How can I handle this issue? I know there was a similar discussion on here https://github.com/OpenNMT/OpenNMT-py/issues/491 , but I don’t exactly get how to do ‘replacing ‘inf’ with 1e-18’ and if it’s right solution for my case. Thanks in advance!

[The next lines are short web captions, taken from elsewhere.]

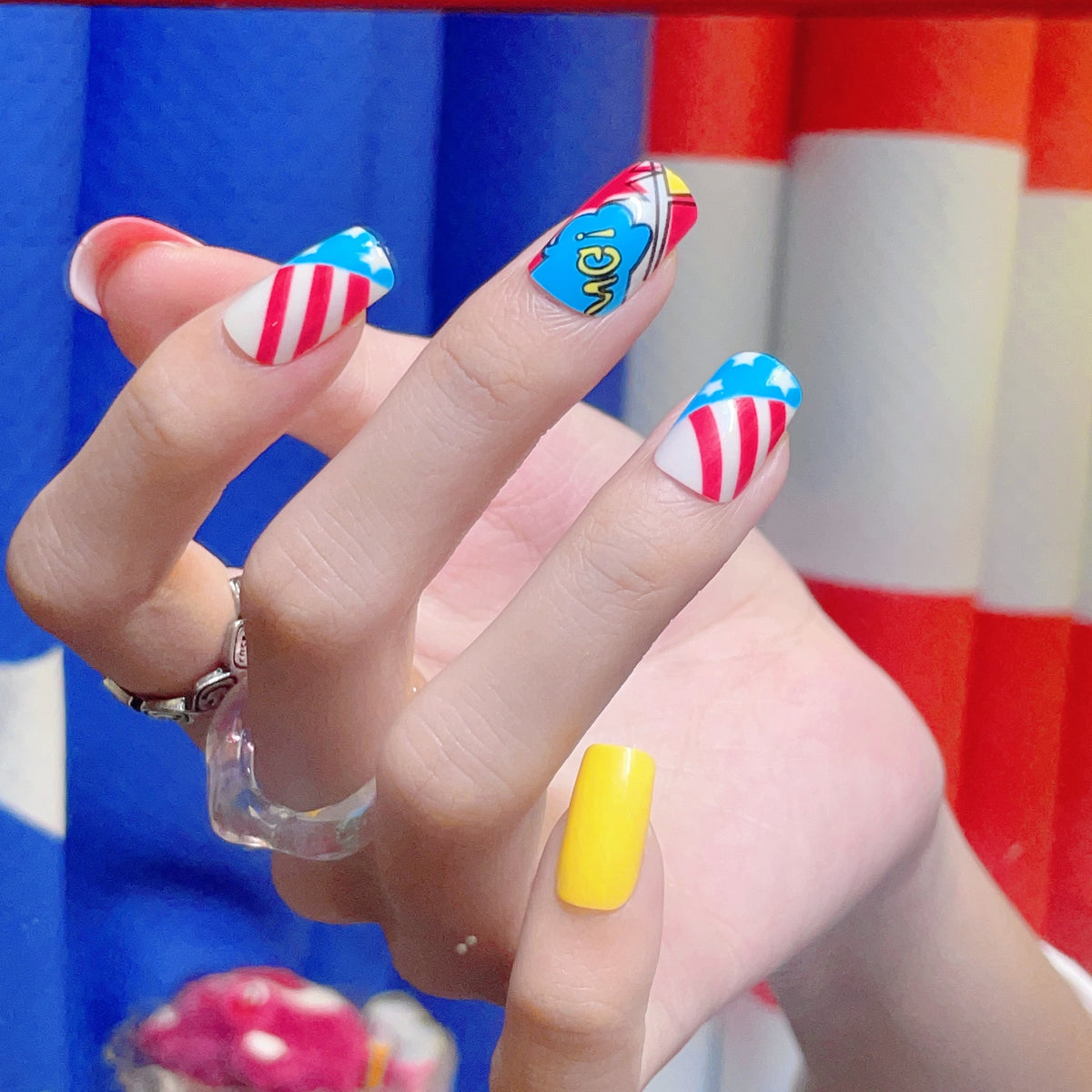 Verspieltes Cartoon-Themen Press-On Nagelset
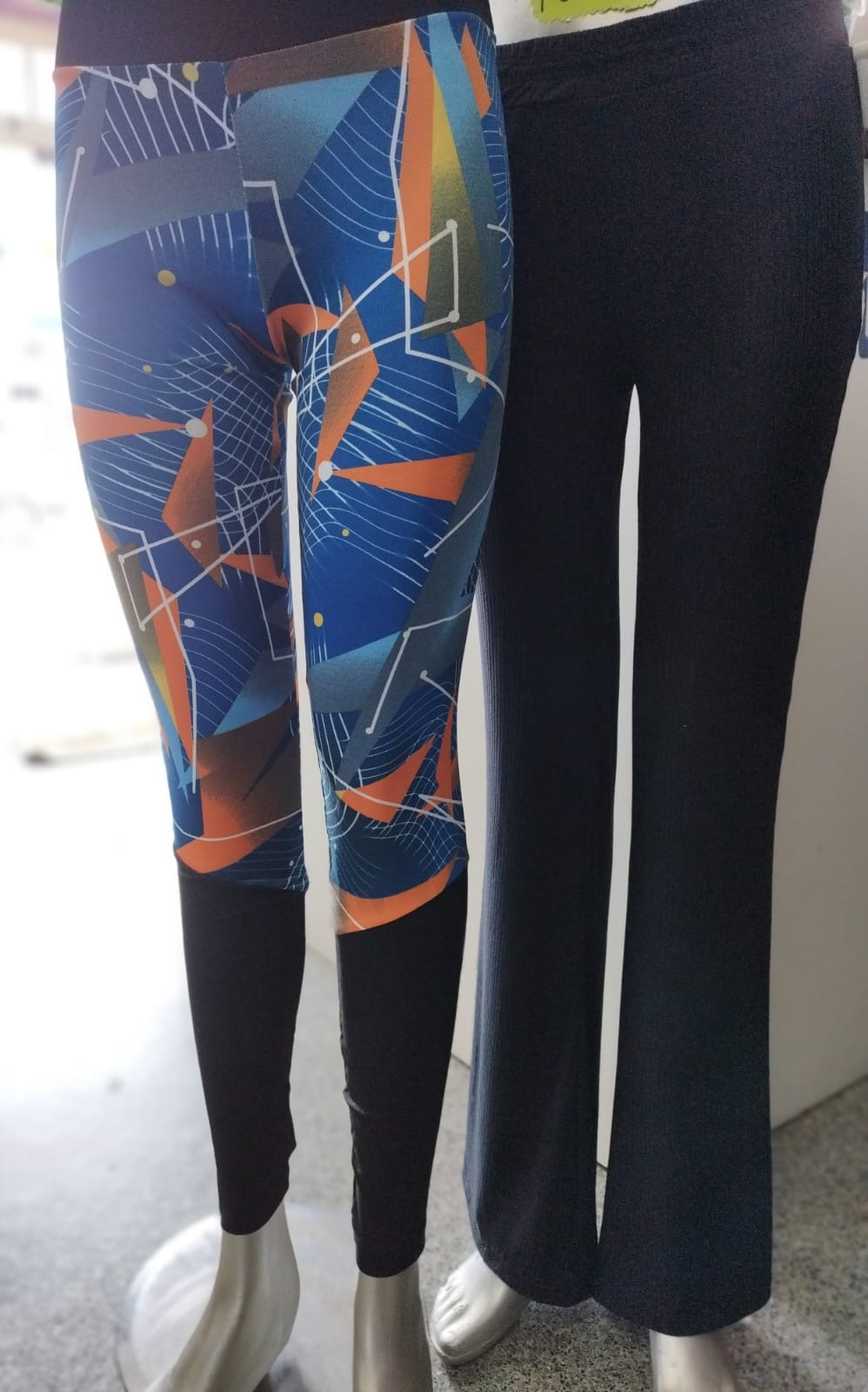 TIENDA PATY'S TIENDA PATY'S  Calzas para deporte,divinas!!!
Oxford varios color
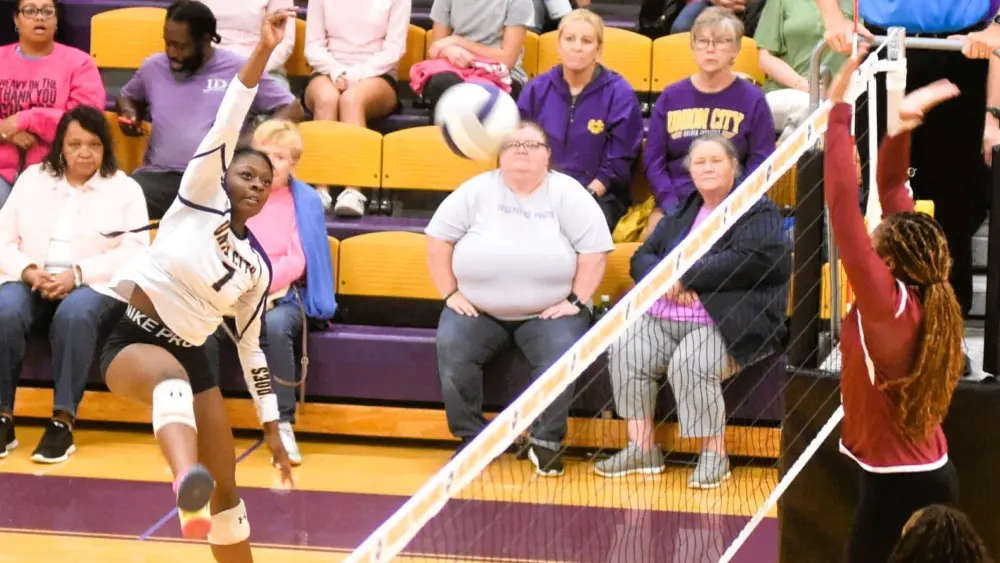 uc-volleyball-fall-sports-pics-oct-6-6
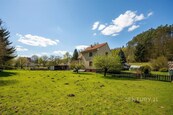 Rodinný dům u lesa s nadstandardním pozemkem o ploše 2000 m2, obec Psáry, cena 12990000 CZK / objekt, nabízí CENTURY 21 Ruby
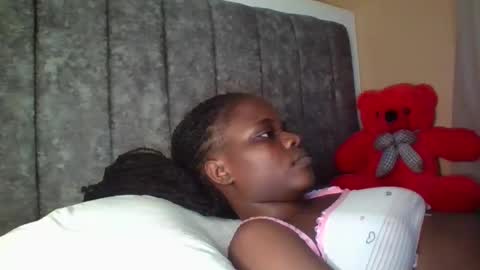Snapshot of ebony_tasha chatting on 10/16/25, 10:11 tasha online show from 10/16/25, 10:11
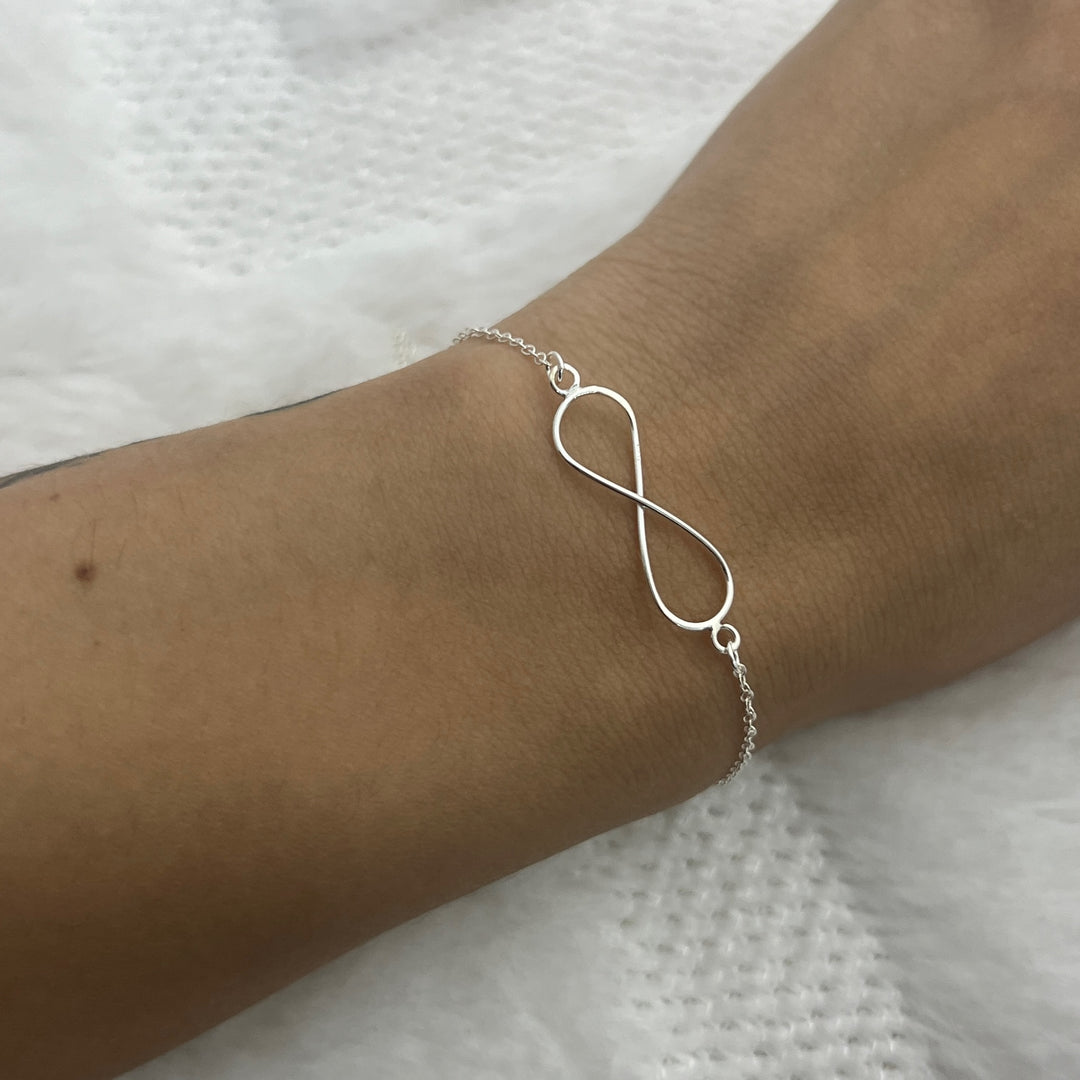 Compra en línea una pulsera con el dije de infinito 💯 PLATA 925 💎 en Costa Rica 🇨🇷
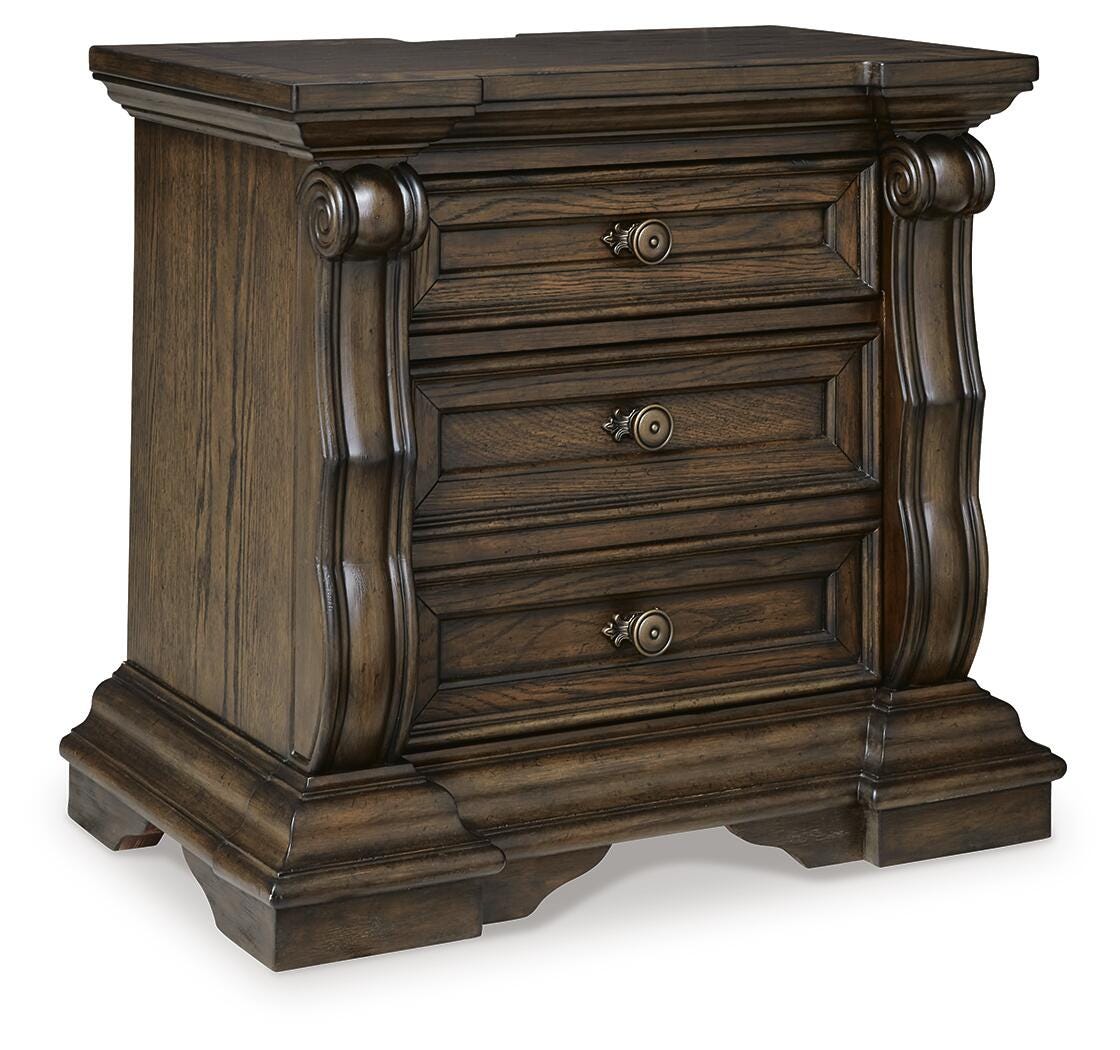 Maylee 4PC Queen Bedroom Set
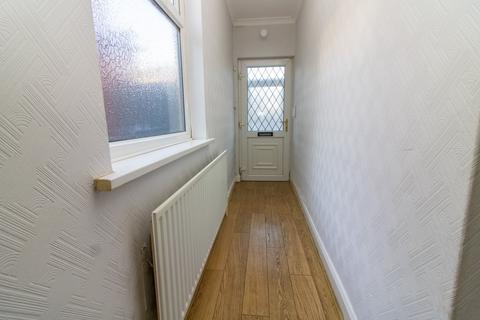 3 bedroom semi-detached house for sale, Mavis Avenue, Leicester, LE3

my command is : CUDA_VISIBLE_DEVICES=0,1 python train.py -data conv_syllable_underbar/ -save_model conv_syllable_underbar/ -enc_layers 3 -dec_layers 3 -src_word_vec_size 512 -tgt_word_vec_size 512 -encoder_type cnn -decoder_type cnn -train_steps 200000 -max_generator_batches 2 -dropout 0.1 -batch_size 4096 -batch_type tokens -normalization tokens -accum_count 2 -optim adam -adam_beta2 0.998 -decay_method noam -warmup_steps 8000 -learning_rate 2 -max_grad_norm 0 -param_init 0 -param_init_glorot -valid_steps 100 -save_checkpoint_steps 100 -early_stopping 3 --world_size 2 --gpu_ranks 0 1

and my error is:

  1. [2019-07-21 13:29:53,829 INFO] Starting training on GPU: [0, 1]
    [2019-07-21 13:29:53,829 INFO] Start training loop and validate every 100 steps…
    [2019-07-21 13:29:55,800 INFO] Loading dataset from conv_syllable_underbar/.train.0.pt
    [2019-07-21 13:29:55,975 INFO] number of examples: 23999
    Traceback (most recent call last):
    File “train.py”, line 200, in
    main(opt)
    File “train.py”, line 82, in main
    p.join()
    File “/usr/lib/python3.5/multiprocessing/process.py”, line 121, in join
    res = self._popen.wait(timeout)
    File “/usr/lib/python3.5/multiprocessing/popen_fork.py”, line 51, in wait
    return self.poll(os.WNOHANG if timeout == 0.0 else 0)
    File “/usr/lib/python3.5/multiprocessing/popen_fork.py”, line 29, in poll
    pid, sts = os.waitpid(self.pid, flag)
    File “train.py”, line 184, in signal_handler
    raise Exception(msg)
    Exception:

– Tracebacks above this line can probably
be ignored –

Traceback (most recent call last):
File “/home/users/woody/transliteration/OpenNMT-py/train.py”, line 142, in run
single_main(opt, device_id, batch_queue, semaphore)
File “/home/users/woody/transliteration/OpenNMT-py/onmt/train_single.py”, line 143, in main
valid_steps=opt.valid_steps)
File “/home/users/woody/transliteration/OpenNMT-py/onmt/trainer.py”, line 243, in train
report_stats)
File “/home/users/woody/transliteration/OpenNMT-py/onmt/trainer.py”, line 409, in _gradient_accumulation
self.optim.step()
File “/home/users/woody/transliteration/OpenNMT-py/onmt/utils/optimizers.py”, line 340, in step
self. optimizer.step()
File “/home/users/woody/.local/lib/python3.5/site-packages/torch/optim/adam.py”, line 107, in step
p.data.addcdiv
(-step_size, exp_avg, denom)
RuntimeError: value cannot be converted to type float without overflow: (-7.65404e-23,1.25e-06)

Does it work with other models?

@guillaumekln Here is more about the issue. (Post)

Oh ok, did not notice this was a duplicate.